In this insight-filled episode, Bill Kennedy joins Johnny and Kris to discuss best practices around the design of software in Go. Bill talks through scenarios, lessons learned, and pitfalls to avoid in both architecture and coding of Go projects.
Bill Kennedy: Now, when we talk about Go - one of Go’s language design philosophies was being able to do more with less code. It’s coming from these – I believe. I can’t speak for Robert, and all… But I believe it’s coming from these ideas that if there’s less code you need to write, there’s going to be less bugs. Now, why did they say this? Because Stroustrup says “If you’re writing more code than you need, it results in ugly, large, and slow code”, where ugly means you’re leaving places for bugs to hide, large means you’re ensuring incomplete test coverage, and slow means you now start to make shortcuts and dirty tricks away from your frameworks and your patterns, because you’re moving fast and the code gets out of control… And these things absolutely happen.

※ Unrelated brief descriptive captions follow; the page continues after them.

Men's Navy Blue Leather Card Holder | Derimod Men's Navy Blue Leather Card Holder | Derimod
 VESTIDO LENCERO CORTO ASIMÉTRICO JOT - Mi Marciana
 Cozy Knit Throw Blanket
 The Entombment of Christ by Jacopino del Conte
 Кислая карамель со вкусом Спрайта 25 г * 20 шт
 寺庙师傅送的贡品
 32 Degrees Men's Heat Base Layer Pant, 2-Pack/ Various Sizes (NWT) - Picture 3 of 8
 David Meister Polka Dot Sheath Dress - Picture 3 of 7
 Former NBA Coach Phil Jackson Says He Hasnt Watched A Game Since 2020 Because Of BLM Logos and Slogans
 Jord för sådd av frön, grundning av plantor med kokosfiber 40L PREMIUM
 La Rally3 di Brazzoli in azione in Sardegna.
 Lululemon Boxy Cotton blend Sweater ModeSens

So I think we’re talking about all of this… It all works together, and I think Go is tied into that. And we complain about Go’s error handling. We love to complain about it. But do you know that there was a study done where they looked at 48 critical failures that brought down systems. Hundreds of bugs in Cassandra, HBase, MapReduce, Redis… How many systems run on Redis today? And they’ve found in this study that out of those 48 critical failures, 92% of them could have been avoided if error handling was done better. Failures from bad error handling.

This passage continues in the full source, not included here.